## LLaMA 2 指令微调（Alpaca-Style on Dolly-15K Dataset)

示例代码关键训练要素：
- 使用 Dolly-15K 数据集，以 Alpaca 指令风格生成训练数据
- 以 4-bit（NF4）量化精度加载 `LLaMA 2-7B` 模型
- 使用 QLoRA 以 `bf16` 混合精度训练模型
- 使用 `HuggingFace TRL` 的 `SFTTrainer` 实现监督指令微调
- 使用 Flash Attention 快速注意力机制加速训练（需硬件支持）

### 下载 databricks-dolly-15k 数据集

In [1]:
from datasets import load_dataset
from random import randrange
 
# 从hub加载数据集
dataset = load_dataset("databricks/databricks-dolly-15k", split="train")

  from .autonotebook import tqdm as notebook_tqdm


In [2]:
# 数据集样例总数: 15011
dataset

Dataset({
    features: ['instruction', 'context', 'response', 'category'],
    num_rows: 15011
})

In [3]:
# 随机抽选一个数据样例打印
print(dataset[randrange(len(dataset))])

{'instruction': 'How is Tesla organized as a company?', 'context': '', 'response': 'Tesla has a functional organizational structure that is flat as well. Tesla’s organizational structure is designed in a way that is easy to manage and built for maximum efficiency. Tesla can still be considered as a startup in the automotive industry as its competitors are typically 75+ years old.
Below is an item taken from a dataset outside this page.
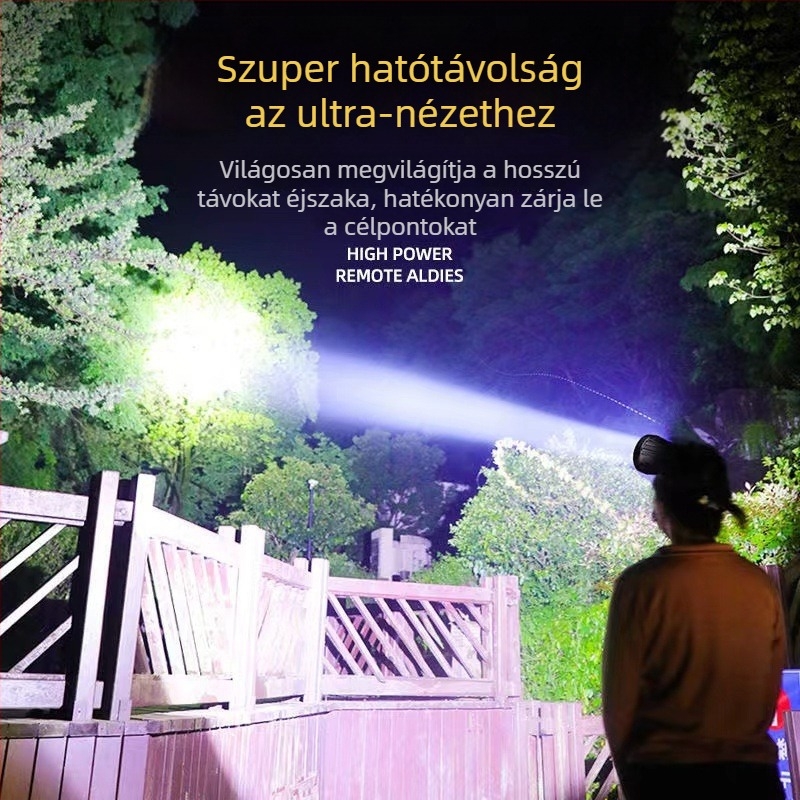 Fejlámpa nagy fényerővel, 5W, 2400mAh, 360° forgás, kézi energiaellátás, töltő mellékelve, éjszakai horgászat és szabadtéri használatra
As a startup, Tesla is designed for efficiency, to begin with as it must be easier to group and manage similar tasks. \n\n \n\nSome of the key functional groups of Tesla is as below: \n\n \n\nMaterials Engineering \n\nArtificial Intelligence for Auto Pilot \n\nHardware design engineering \n\nEnergy operations \n\nGlobal communications \n\nGlobal Environment health and safety \n\nGlobal security \n\nChief of staff \n\nInformation operations \n\n \n\nAll the functional groups report to the CEO and Tesla has a heavy flat organization structure. Materials engineering is responsible for material research and develo

### 以 Alpaca-Style 格式化指令数据

`Alpacca-style` 格式：https://github.com/tatsu-lab/stanford_alpaca#data-release

In [4]:
def format_instruction(sample_data):
    """
    Formats the given data into a structured instruction format.

    Parameters:
    sample_data (dict): A dictionary containing 'response' and 'instruction' keys.

    Returns:
    str: A formatted string containing the instruction, input, and response.
    """
    # Check if required keys exist in the sample_data
    if 'response' not in sample_data or 'instruction' not in sample_data:
        # Handle the error or return a default message
        return "Error: 'response' or 'instruction' key missing in the input data."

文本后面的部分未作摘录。